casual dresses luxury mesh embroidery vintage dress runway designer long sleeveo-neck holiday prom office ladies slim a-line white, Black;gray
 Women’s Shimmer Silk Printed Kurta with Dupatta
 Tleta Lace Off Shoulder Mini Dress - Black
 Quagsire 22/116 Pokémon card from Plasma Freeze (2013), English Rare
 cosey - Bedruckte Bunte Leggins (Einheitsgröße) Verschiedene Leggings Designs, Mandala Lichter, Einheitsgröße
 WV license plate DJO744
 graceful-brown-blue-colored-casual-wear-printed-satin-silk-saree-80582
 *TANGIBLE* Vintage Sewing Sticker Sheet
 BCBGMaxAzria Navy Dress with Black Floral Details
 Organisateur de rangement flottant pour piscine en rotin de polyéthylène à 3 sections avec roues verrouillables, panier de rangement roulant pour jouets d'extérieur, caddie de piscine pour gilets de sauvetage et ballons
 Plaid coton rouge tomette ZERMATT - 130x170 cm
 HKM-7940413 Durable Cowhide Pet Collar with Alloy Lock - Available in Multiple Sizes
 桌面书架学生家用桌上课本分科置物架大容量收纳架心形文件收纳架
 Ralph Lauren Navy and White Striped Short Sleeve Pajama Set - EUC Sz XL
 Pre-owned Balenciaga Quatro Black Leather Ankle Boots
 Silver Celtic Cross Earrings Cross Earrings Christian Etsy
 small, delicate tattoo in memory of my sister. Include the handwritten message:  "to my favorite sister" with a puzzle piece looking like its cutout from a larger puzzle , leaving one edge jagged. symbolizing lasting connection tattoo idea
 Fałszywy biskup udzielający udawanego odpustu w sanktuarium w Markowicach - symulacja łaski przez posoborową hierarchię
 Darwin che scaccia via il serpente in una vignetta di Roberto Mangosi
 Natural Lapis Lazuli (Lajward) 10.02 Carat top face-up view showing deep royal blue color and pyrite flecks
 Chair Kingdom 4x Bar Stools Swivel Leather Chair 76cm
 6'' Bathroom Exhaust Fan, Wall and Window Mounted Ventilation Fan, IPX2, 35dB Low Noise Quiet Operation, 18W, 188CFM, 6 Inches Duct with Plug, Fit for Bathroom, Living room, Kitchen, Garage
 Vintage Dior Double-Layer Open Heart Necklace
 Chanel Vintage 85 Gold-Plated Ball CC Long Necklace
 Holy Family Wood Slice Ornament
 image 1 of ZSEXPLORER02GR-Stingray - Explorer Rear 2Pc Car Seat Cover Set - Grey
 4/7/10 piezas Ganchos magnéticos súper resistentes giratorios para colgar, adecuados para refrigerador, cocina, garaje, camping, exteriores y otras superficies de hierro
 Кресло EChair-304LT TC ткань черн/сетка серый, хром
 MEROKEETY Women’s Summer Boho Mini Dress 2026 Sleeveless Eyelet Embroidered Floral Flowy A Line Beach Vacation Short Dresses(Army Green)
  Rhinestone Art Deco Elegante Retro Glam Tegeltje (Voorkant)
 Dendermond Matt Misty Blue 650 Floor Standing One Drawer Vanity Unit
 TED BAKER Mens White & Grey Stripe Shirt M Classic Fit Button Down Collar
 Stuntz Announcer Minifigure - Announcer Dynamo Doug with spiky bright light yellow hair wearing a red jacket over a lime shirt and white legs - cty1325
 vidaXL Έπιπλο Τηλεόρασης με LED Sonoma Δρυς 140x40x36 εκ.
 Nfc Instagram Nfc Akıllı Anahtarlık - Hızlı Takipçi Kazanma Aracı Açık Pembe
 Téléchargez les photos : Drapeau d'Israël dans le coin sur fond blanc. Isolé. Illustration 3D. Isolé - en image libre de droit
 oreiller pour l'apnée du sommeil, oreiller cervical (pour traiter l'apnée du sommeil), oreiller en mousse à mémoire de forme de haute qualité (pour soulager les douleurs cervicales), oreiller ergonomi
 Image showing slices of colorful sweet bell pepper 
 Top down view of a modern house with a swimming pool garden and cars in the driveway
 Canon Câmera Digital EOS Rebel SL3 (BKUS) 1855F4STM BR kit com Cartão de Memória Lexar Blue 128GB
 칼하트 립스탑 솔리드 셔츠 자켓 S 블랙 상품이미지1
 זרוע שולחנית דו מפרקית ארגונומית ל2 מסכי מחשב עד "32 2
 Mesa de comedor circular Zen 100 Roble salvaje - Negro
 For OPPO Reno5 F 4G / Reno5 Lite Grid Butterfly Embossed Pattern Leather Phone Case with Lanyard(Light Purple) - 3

→ What the task asks:
Copy, exactly and only, the lines above that begin with the one containing "Quagsire 22/116 Pokémon" and finish with the one containing "Plaid coton rouge".

→ Solution to this exercise:
 Quagsire 22/116 Pokémon card from Plasma Freeze (2013), English Rare
 cosey - Bedruckte Bunte Leggins (Einheitsgröße) Verschiedene Leggings Designs, Mandala Lichter, Einheitsgröße
 WV license plate DJO744
 graceful-brown-blue-colored-casual-wear-printed-satin-silk-saree-80582
 *TANGIBLE* Vintage Sewing Sticker Sheet
 BCBGMaxAzria Navy Dress with Black Floral Details
 Organisateur de rangement flottant pour piscine en rotin de polyéthylène à 3 sections avec roues verrouillables, panier de rangement roulant pour jouets d'extérieur, caddie de piscine pour gilets de sauvetage et ballons
 Plaid coton rouge tomette ZERMATT - 130x170 cm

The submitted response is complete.